Luego, se giró hacia Khalid.
—Por cierto, habibi —se le escapó. O lo soltó a propósito—. Deberíamos revisar los planos de la galería mañana. Tengo algunas ideas para la iluminación.
Habibi.
Lo dijo con naturalidad. Con posesión.
Como si esa palabra le perteneciera a ella, no a mí.
Khalid carraspeó.
—Claro, Tatiana. Mañana en la oficina.
—Oh, pensé que podríamos hacerlo en el yate. Hace un clima precioso. Y sabes que te concentras mejor con el sonido del mar.
Ella le sonrió.
Fue una sonrisa cargada de promesas. De secretos compartidos.
Y de repente, lo vi.
Vi la mirada de Khalid.
No miraba los planos imaginarios.
Miraba su boca.
La miraba con hambre. Con una necesidad cruda, visceral, que nunca había dirigido hacia mí en los últimos dos años.
Me sentí pequeña.
Me sentí estúpida.
No era solo una aventura de una noche en el Bulgari.
Esto era una relación.
Tatiana conocía sus gustos. Sus manías. Sus lugares favoritos.

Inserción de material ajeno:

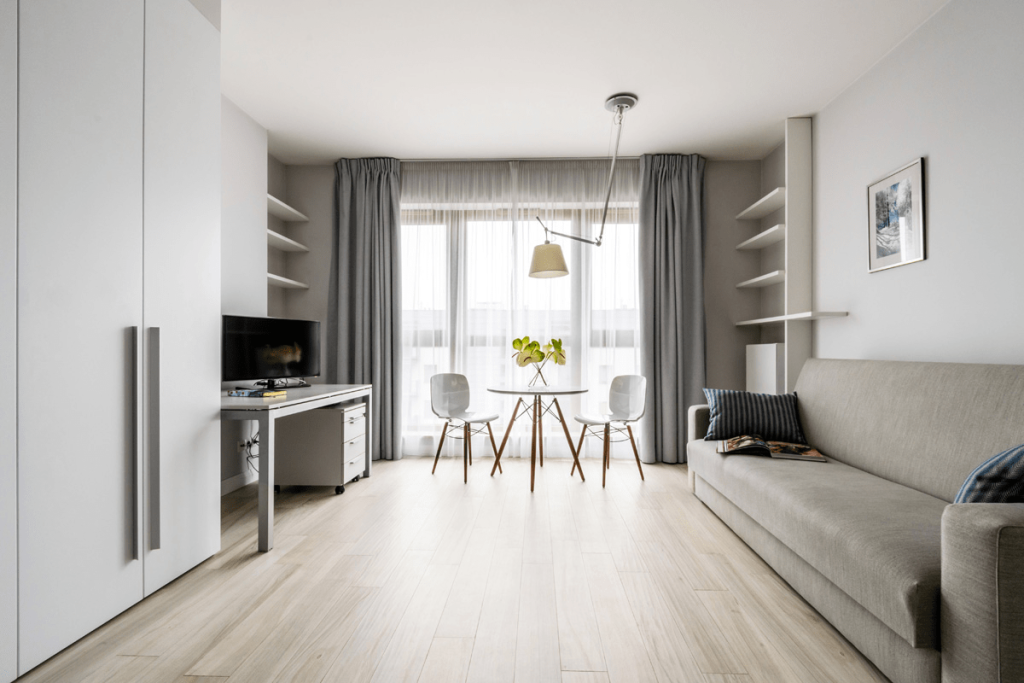 Căn hộ studio 30m2 thiết kế theo lối tối giản sử dụng đồ nội thất có nhiều công năng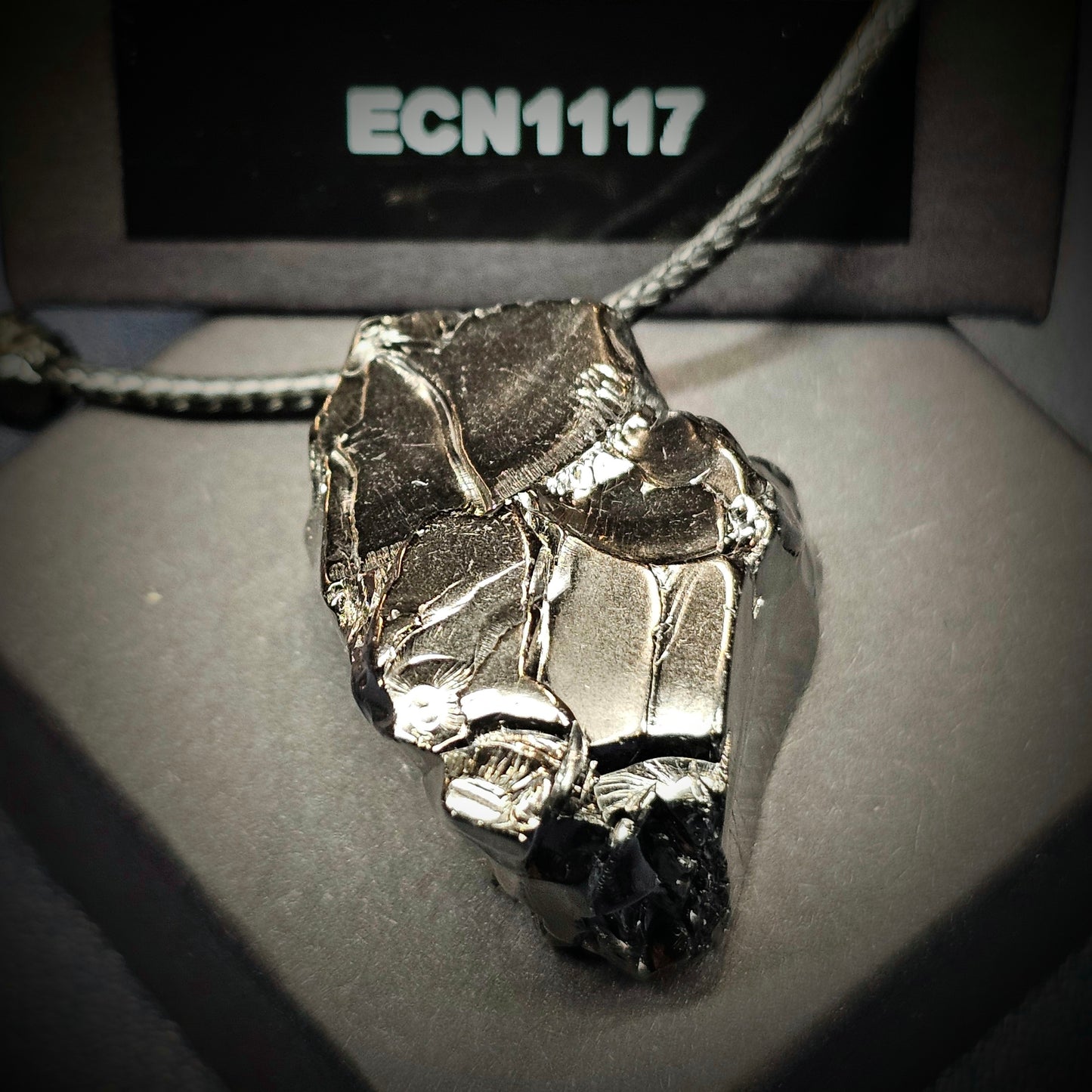 ECN1117-11.17g ELITE RAW TYPE 1 SHUNGITE PENDANT NECKLACE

Ella era la esposa en la sombra.
Yo era solo la fachada pública. La estatua en la entrada del edificio.
Tatiana volvió a mirarme.
Nuestras miradas chocaron en el centro de la mesa, sobre el centro de flores blancas.
Fue un duelo silencioso.
Ella no bajó la vista.
Me sostuvo la mirada con una arrogancia desafiante.
Sí, me estoy acostando con él, decían sus ojos azules. ¿Y qué vas a hacer al respecto, princesita?
Sentí un frío polar recorrer mi columna.
El enemigo ya no era un fantasma. No era un recibo arrugado ni un olor a purpurina.
El enemigo estaba sentado en mi mesa.
Comiendo mi comida.
Bebiendo mi vino.
Y burlándose de mí en mi propia cara.
—¿Te encuentras bien, Catalina? —preguntó Tatiana, con una falsa preocupación que goteaba veneno—. Estás muy pálida.
Sonreí.
Fue la sonrisa más difícil de mi vida.
La sonrisa número cuatro: La Estratega.
—Estoy perfecta, Tatiana —dije, tomando mi copa—. Solo estaba pensando en lo interesante que es tu... perspectiva.
Levanté la copa hacia ella.
—Bienvenida a nuestra casa. Espero que disfrutes la estancia.
Bebí.
El vino me supo a sangre.
Pero no bajé la mirada.
Porque acababa de darme cuenta de algo crucial.
Tatiana era arrogante. Se sentía intocable.
Y la arrogancia es un fallo estructural.
Es una grieta.
Y yo soy experta en demoliciones.
Tatiana Morozova no sabía con quién se estaba metiendo.
Pensaba que yo era la esposa trofeo.
Pronto descubriría que soy el arquitecto de su ruina.
Pero primero, tenía que sobrevivir a la cena sin clavarle el tenedor de plata en la yugular.